SECOND AMENDMENT TO EMPLOYMENT AGREEMENT (Catherine B. Callaway)
Exhibit 10.7
SECOND AMENDMENT TO EMPLOYMENT AGREEMENT
(Catherine B. Callaway)
SECOND AMENDMENT TO EMPLOYMENT AGREEMENT (Second Amendment) dated as of March 18, 2013, by and between Dynegy Operating Company (Company) and Catherine B. Callaway (Executive).
WITNESSETH:
WHEREAS, Company and Executive are parties to that certain Employment Agreement, dated September 16, 2011 (Employment Agreement);
WHEREAS, Company and Executive desire to amend the Employment Agreement to conform Executives incentive compensation with Dynegy Inc.s Incentive Compensation Plan (the Incentive Compensation Plan);
WHEREAS, Company and Executive desire to amend the Employment Agreement to conform Executives indemnification rights with Dynegy Inc.s Certificate of Incorporation;
WHEREAS, the Board terminated the Dynegy Excise Tax Reimbursement Policy as of March 18, 2013; and
WHEREAS, the Employment Agreement allows Company and Executive to amend the Employment Agreement through written consent.
NOW, THEREFORE, in consideration of the mutual covenants and promises contained herein and for good and valuable consideration, the receipt of which is hereby acknowledged, Company and Executive agree as follows:
1. Section 5 is hereby amended by revising Section 5(c) to be and read as follows:
(c) Incentive Compensation Plan. The Executive shall be eligible to participate in the Dynegy Inc. Incentive Compensation Plan (the Incentive Compensation Plan) with a target Award of 75% of Base Salary.
2. Section 5 is hereby amended by revising Section 5(j) to be and read as follows:
(j) Indemnification; Directors and Officers Liability Insurance. The Executive shall be entitled to defense and indemnification pursuant to Dynegy Inc.s Certificate of Incorporation. During the Employment Term and thereafter, the Company shall cover the Executive under its directors and officers liability insurance policy to the extent it covers its other officers and directors.
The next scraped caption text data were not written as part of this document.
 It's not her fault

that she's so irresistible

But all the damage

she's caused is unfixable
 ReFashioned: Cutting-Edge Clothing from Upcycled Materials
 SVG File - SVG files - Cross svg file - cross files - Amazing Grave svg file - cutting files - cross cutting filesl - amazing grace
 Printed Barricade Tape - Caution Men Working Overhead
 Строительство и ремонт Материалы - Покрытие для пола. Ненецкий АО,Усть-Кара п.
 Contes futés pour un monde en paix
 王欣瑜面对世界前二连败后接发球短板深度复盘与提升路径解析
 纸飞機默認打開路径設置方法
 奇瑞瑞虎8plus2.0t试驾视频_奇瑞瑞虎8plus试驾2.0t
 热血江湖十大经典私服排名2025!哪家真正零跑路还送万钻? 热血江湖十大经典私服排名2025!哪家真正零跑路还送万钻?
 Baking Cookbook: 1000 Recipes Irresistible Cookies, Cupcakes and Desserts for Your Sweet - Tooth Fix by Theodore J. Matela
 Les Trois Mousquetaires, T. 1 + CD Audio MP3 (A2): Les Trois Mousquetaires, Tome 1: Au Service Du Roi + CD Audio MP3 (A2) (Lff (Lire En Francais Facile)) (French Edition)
3. Section 7(b) is hereby amended by revising Section 7(b) to be and read as follows:
(b) Severance Plan and Change in Control Plan. The Executive shall be entitled to participate in the Severance Plan and the Change in Control Plan; provided, however, that
the extent the Executive is eligible to receive severance payable under Section IV.A of the Severance Plan, the amount payable to the Executive thereunder shall be increased by an amount equal to two (2) times the current target Award (as described in Section 5(c)), as in effect immediately prior to the date of the Executives termination of employment. For the avoidance of doubt and for purposes of the Severance Plan only, the Executive is hereby deemed to hold a comparable position to the CEO and Chief Operating Officer and will therefore be entitled to twenty-four (24) Months of Base Pay (as defined in the Severance Plan) as severance pay, subject to the other terms and conditions of the Severance Plan. For the avoidance of doubt, delivery by the Company of notice of non-renewal of the Initial Term or an Additional Term pursuant to Section 3, shall be deemed to be an Involuntary Termination for purposes of the Severance Plan and the Change in Control Plan (provided, however, that no circumstance constituting Cause exists at such time of the delivery of such notice of non-renewal). In addition, Executive shall be entitled to the Best Net provisions contained within the Second Amendment to the Change in Control Plan.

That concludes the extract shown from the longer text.